She said the White House's 2002 nuclear posture review and its new national security strategy, which raised the possibility of pre-emptive strikes against American enemies and of developing new low-yield nuclear weapons, represent "an approach that is neither in our national interest, nor is it consistent with our nation's standards and values."

Feinstein said that in some cases a pre-emptive strike might be warranted, but the president has made a mistake by creating a specific pre-emption doctrine.

"By adapting the concept of 'imminent threat' to threats not 'fully formed' or to cases where, one day, a foreign government may be a threat to the United States, we set a precedent for others -- which may well come back to haunt us."

Feinstein listed Bush's decisions to walk away from agreements on global warming, the creation of an international criminal court and a comprehensive test-ban treaty as examples of the unilateralist trend.

Tauscher, in her speech to a group of energy facility contractors, said the president is taking the "low road" on nuclear-weapons issues.

"Rather than improve on past accomplishments, the United States is currently in a pattern of rejecting treaties, has put forth a nuclear posture review that seems divorced from reality, and is making only paltry investments in nuclear nonproliferation," she said.

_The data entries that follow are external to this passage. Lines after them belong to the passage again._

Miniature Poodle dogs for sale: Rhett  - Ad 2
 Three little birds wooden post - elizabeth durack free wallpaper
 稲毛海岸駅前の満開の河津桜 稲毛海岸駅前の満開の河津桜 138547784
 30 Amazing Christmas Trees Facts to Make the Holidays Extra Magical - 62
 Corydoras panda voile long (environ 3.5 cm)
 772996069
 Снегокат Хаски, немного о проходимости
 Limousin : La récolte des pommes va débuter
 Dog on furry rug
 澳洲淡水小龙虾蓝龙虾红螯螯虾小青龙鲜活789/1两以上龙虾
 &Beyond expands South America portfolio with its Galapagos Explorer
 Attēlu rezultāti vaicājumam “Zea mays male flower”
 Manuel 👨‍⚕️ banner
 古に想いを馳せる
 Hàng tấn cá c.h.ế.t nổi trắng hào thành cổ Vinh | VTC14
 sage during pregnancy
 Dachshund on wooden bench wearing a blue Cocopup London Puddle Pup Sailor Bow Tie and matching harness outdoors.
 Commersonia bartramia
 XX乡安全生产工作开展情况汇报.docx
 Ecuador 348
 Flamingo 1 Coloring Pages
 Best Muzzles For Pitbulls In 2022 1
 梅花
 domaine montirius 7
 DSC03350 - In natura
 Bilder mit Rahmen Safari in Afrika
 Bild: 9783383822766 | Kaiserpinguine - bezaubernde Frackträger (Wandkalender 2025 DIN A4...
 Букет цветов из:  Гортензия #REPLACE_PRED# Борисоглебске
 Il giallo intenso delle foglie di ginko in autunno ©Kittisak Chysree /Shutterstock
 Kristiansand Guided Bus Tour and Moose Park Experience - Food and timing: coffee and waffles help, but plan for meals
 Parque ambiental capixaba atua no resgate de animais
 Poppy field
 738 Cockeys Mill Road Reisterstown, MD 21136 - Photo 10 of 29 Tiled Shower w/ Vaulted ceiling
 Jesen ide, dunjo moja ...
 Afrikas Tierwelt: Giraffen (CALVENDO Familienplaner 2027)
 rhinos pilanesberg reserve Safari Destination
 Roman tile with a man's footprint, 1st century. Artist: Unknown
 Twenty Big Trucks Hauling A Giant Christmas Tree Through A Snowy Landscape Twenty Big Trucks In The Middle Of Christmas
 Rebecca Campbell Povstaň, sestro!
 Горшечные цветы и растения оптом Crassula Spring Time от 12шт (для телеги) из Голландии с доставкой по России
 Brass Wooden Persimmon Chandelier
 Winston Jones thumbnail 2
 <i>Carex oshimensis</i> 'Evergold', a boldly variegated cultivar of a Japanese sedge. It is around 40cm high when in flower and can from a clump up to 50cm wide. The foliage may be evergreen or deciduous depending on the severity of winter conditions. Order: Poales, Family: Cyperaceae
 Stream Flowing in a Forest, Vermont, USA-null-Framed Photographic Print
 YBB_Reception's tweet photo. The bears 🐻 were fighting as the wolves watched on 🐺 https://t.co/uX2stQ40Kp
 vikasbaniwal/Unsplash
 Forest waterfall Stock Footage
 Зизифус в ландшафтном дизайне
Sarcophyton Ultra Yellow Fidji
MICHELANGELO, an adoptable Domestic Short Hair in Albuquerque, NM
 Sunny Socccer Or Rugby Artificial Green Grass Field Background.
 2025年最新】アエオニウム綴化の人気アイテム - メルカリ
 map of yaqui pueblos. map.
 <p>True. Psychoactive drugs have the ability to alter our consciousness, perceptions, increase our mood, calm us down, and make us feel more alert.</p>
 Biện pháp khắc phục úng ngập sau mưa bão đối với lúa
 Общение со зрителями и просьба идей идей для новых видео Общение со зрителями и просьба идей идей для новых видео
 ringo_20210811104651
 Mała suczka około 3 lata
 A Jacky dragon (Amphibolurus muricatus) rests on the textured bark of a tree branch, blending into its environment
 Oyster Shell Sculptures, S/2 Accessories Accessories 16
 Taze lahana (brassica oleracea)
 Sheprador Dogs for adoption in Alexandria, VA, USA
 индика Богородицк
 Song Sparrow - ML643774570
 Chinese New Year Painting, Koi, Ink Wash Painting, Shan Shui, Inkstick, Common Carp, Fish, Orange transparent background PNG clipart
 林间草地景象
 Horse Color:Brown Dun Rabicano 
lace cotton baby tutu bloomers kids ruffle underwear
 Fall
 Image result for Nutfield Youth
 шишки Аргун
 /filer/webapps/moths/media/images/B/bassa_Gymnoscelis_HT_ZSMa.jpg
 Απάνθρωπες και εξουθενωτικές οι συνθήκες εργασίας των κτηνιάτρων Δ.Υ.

Referring to Bush's abrogation of the Anti-Ballistic Missile Treaty, she added, "The current approach of treating past arms control agreements as somehow suspect ignores that treaties have been the currency of peace and trust between parties for hundreds of years."

In her proposal for a new presidential report on Iraq, Tauscher said Bush could use it to convince the public of his case for military action.

"People stop me on the street and tell me they believe that the administration has already decided to use force against Iraq. . . . Publicly answering these fundamental questions gives President Bush a chance to turn that around," she said.

Feinstein has endorsed the proposal of Democratic Sens. Robert Byrd of West Virginia and Edward Kennedy of Massachusetts for a new congressional debate on a war resolution. But Senate Republican leaders have made it clear the proposal isn't going anywhere.

The administration has a sharply different view on the issues raised by Feinstein and Tauscher. Officials say the changes to military posture have been forced on the United States by the war on terrorism, which has created new conditions.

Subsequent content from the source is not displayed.